US building ties with both India, Pakistan
Although Rice discussed the new strategic approach with Islamabad and New Delhi in travels earlier this month, it was unveiled in the United States only Friday, by a US official who spoke on condition of anonymity.
"What we're trying to do is to solidify and extend relations with both India and Pakistan at a time when we have good relations with both of them, something that most people didn't think could be done, and when they have improving relationships with one another," Rice told the Post.
"What we're trying to do is break out of the notion that this is a hyphenated relationship somehow, that anything that happens that's good for Pakistan has to be bad for India and vice versa."

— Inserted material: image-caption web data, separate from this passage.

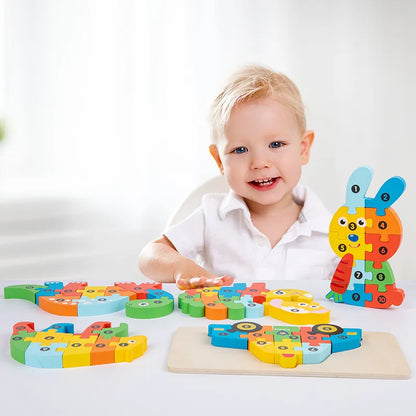 Montessori Wooden Toddler Puzzles for Kids Montessori Toys for Toddlers 2 3 4 5 Years Old Top 3D Puzzle Educational Dinosaur Toy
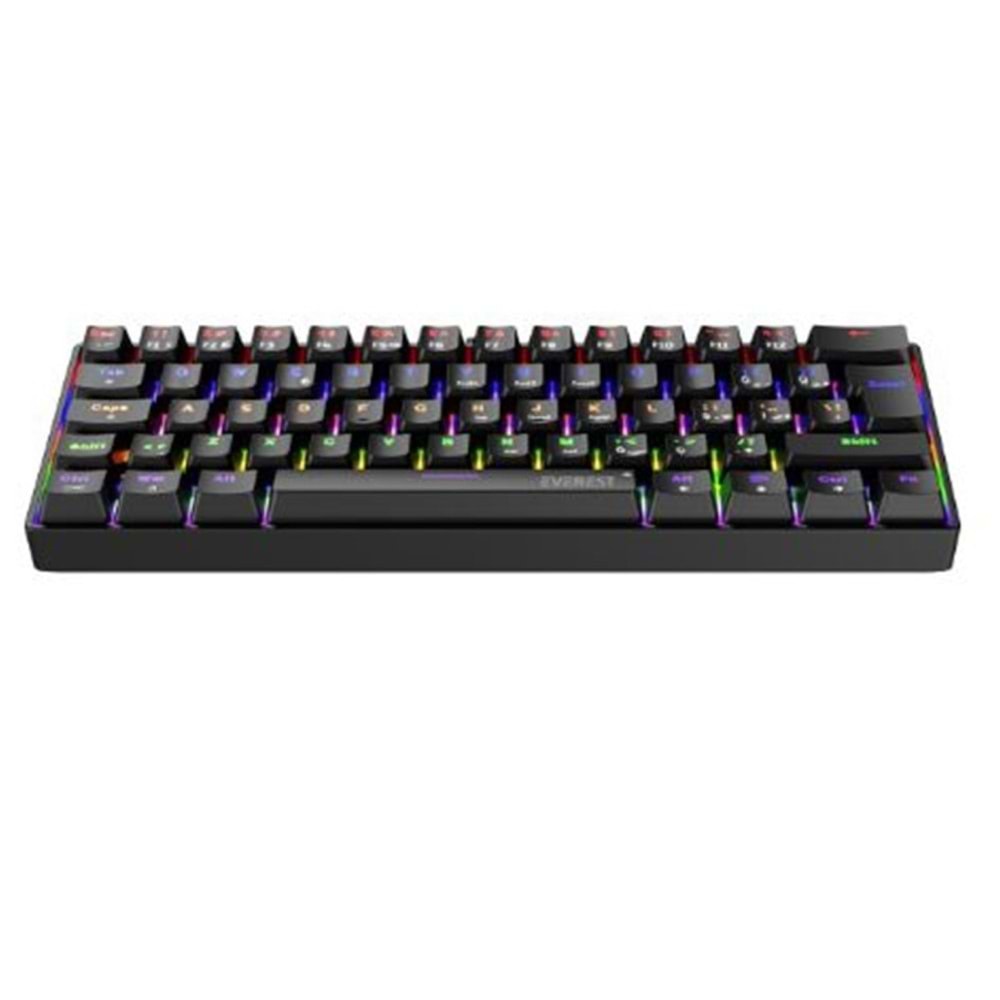 Everest Amber Siyah Type-C Bağlantılı RGB Ledli Mekanik Gaming Oyuncu Klavye Q Red Switch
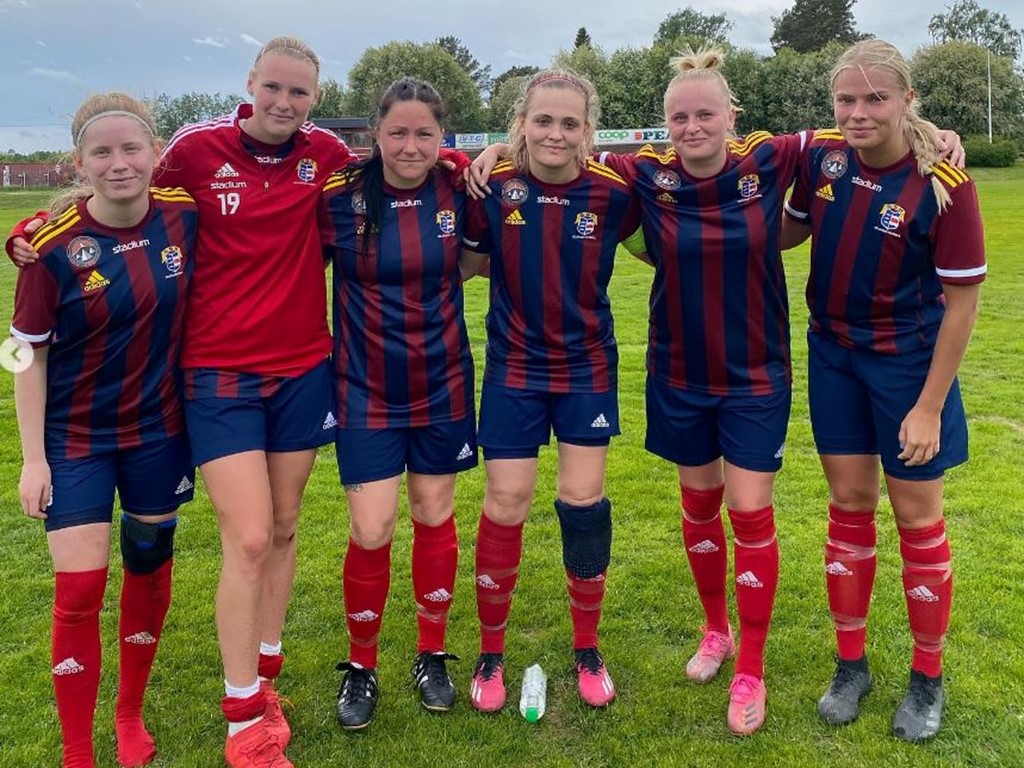 Selånger dam, Selånger dam, fr v Hanna Rönngren (2 mål), Alicia Holmberg, Angelica Lindholm Forsell, Linnea Jensen, Linnea Söderberg och Emmie Björklund. Foto SSK dam.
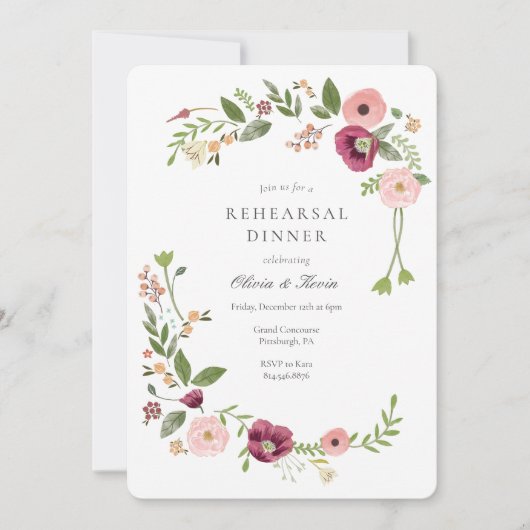 Boho Floral bruiloft repetitie diner Kaart (Voorkant)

There is likely to be concern on both sides, Rice noted, a day after Washington revealed plans for "a decisively broader strategic relationship" with India to help it become a major world power this century.
"What I talked about when I was in India was broadening and deepening our relationship for instance in defence cooperation, broadening and deepening our relationship in energy cooperation," Rice said.
Asked if that included nuclear power plants, Rice said "we're a step from that, certainly, but looking at their energy needs and trying to understand how they can be met."
She defended the decision to sell F-16s to Pakistan, whose leader, General Pervez Musharraf, ousted an elected government in a bloodless coup three and a half years ago.
"Pakistan has come a long way, it's on a better trajectory than it's ever been, or that it's been in many, many years," she said.
"Our job is to support that trajectory and to help bring that along."
She said she was struck by the September 11 commission's recommendation to "invest in the relationship with Pakistan, because if you don't, you're going to create the same situation we created in the '90s," when Pakistan forged ties with the Taliban in neighbouring Afghanistan.
Pakistan has been seeking additional multi-role fighter jets since 1990 when a deal for 40 such planes fell through because of US concerns over the country's nuclear programme.